Miki, Miyoko, Chika, Megume e le altre intrecciano le loro voci, ponendo tra le nostre mani un frammento delle loro vite, frivolo o drammatico che sia, ma comunque sincero. Senza mai vergognarsi delle debolezze e degli errori compiuti, raccontano un momento cruciale della loro esistenza (una separazione dolorosa, una partenza, un’opportunità sfumata) oppure, più semplicemente, una passione segreta o un’abitudine inconsueta.

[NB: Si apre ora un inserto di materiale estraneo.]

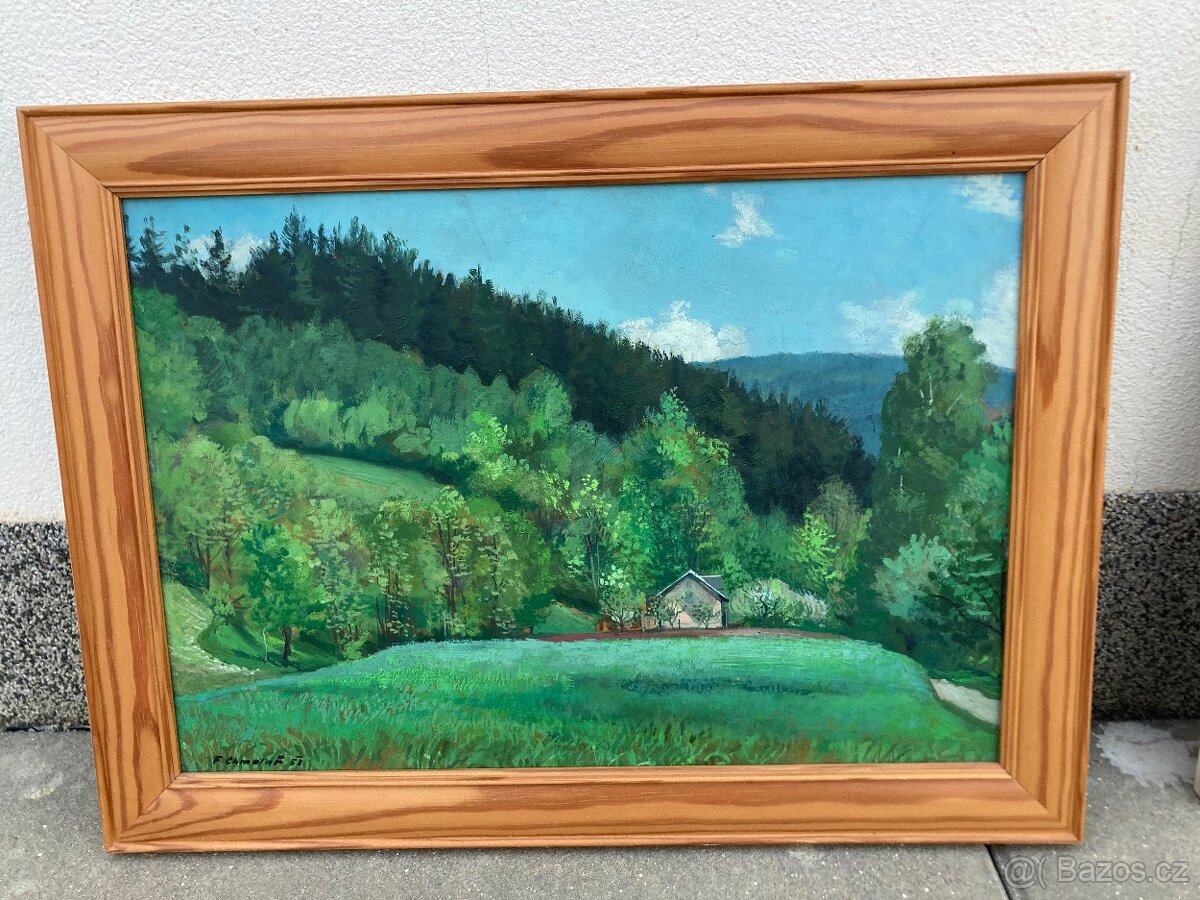 Prodám obraz F.Chmelař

Mettendo da parte qualunque intento pedagogico o qualsivoglia tono didascalico, le due autrici ritraggono con schiettezza e, non di rado, una buona dose di ironia il presente e il passato di donne diversissime per età, professione, carattere e ambizioni, conosciute nel corso dei loro soggiorni in terra nipponica. In questo modo, pagina dopo pagina, emerge un panorama ad ampio raggio, capace di includere aspetti e comportamenti poco noti o addrittura disdegnati dagli studiosi. Quotidianeità, sesso, progetti, piccoli e grandi problemi, hobby, sogni… : non è infatti tralasciato alcun argomento che possa aiutare il lettore a comprendere meglio la complessità dell’orizzonte femminile, stimolando al tempo stesso la sua curiosità con centinaia di aneddoti e note di costume.

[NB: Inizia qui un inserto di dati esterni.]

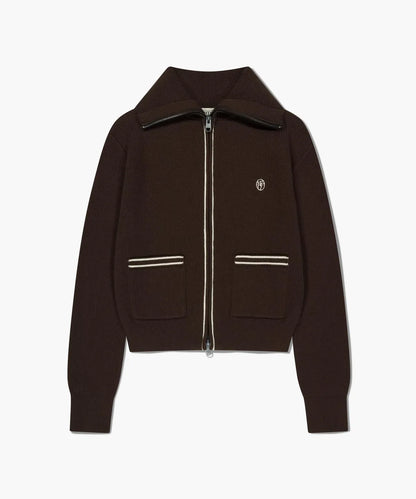 韓國 Marithe Francois Girbaud W Big Collar Zip-Up Cardigan【MF690】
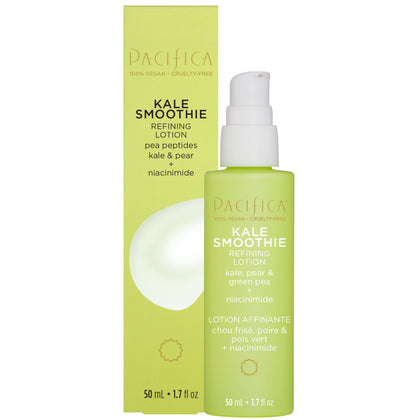 Pacifica front packaging showing clean glass bottle and logo for shelf appeal
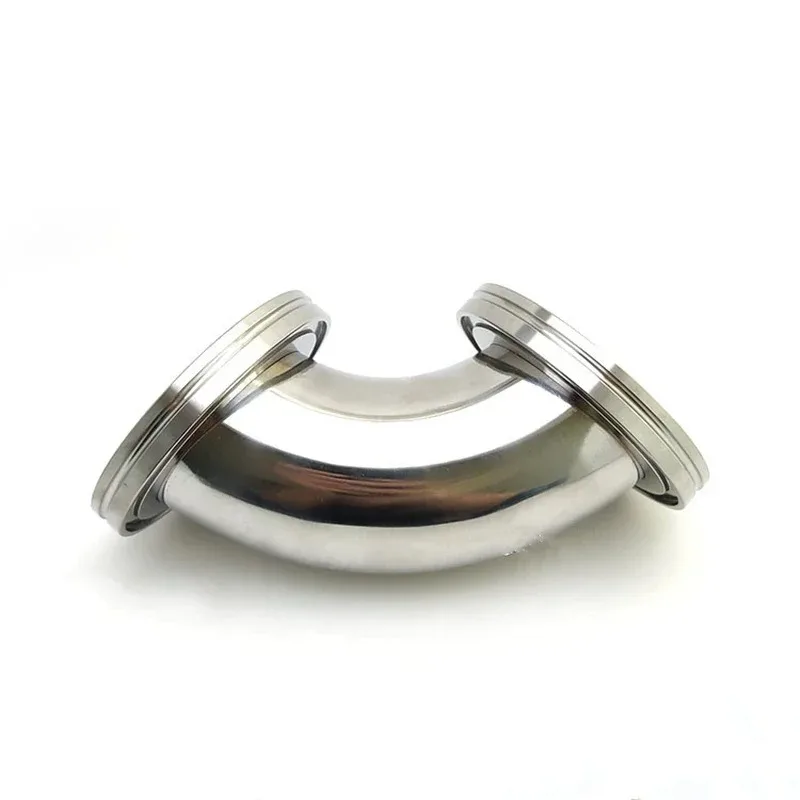 304 Stainless steel flange vacuum elbow connecting pipe, 90 degree elbow adapter ISO63 to ISO 160 Vacuum elbow connector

Libere dalla necessità di fornire riscontri a complesse quanto claustrofobiche teorie socio-antropologiche, le due scrittrici possono abbandonarsi al fluire della frenetica Tokyo: non importa che ci si trovi al tavolo di un raffinato ristorante oppure sotto il casco del parrucchiere, se tutte le occasioni sono utili per conoscere meglio non la donna, ma le tante e dissimili donne che animano la capitale. Infrangendo ogni stereotipo che dipinge la tipica giapponese remissiva e misurata o, al contrario, dotata di una sensualità conturbante da geisha, si apre così, finalmente, il vaso di Pandora, e ne fuoriescono contraddizioni, ferite, lacrime, delusioni, ma anche risate a crepapelle, pettegolezzi e manie.

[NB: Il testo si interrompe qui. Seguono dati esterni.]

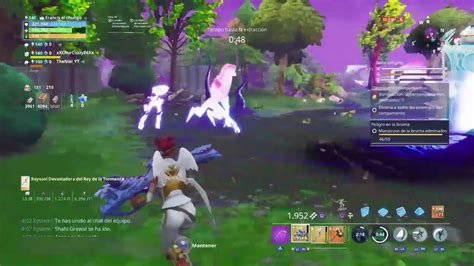 Matando Al Rey De La Tormenta Fortnite Salvar El Mundo YouTube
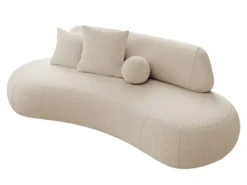 Sofa trzyosobowa Balme jasnobeżowa boucle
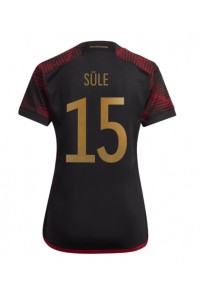 Fotbalové Dres Německo Niklas Sule #15 Dámské Venkovní Oblečení MS 2022 Krátký Rukáv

Può trattarsi di Akane – studentessa innamorata della propria immagine allo specchio -, di Yuki, surfista provetta, o di un’anonima ragazza emersa dalle ben trecentomila donne nipponiche che ogni anno ricorrono alla procreazione assistita: l’impressione è sempre la stessa. Che la posta in gioco sia un buon marito, una borsetta firmata, un bambino da amare o un corpo perfetto, le donne del Sol Levante sono sempre alla ricerca di qualcosa o qualcuno. Infaticabilmente, testardamente perché, come recita il proverbio, anche un viaggio di mille miglia inizia con un passo, e la strada verso la felicità non è mai breve.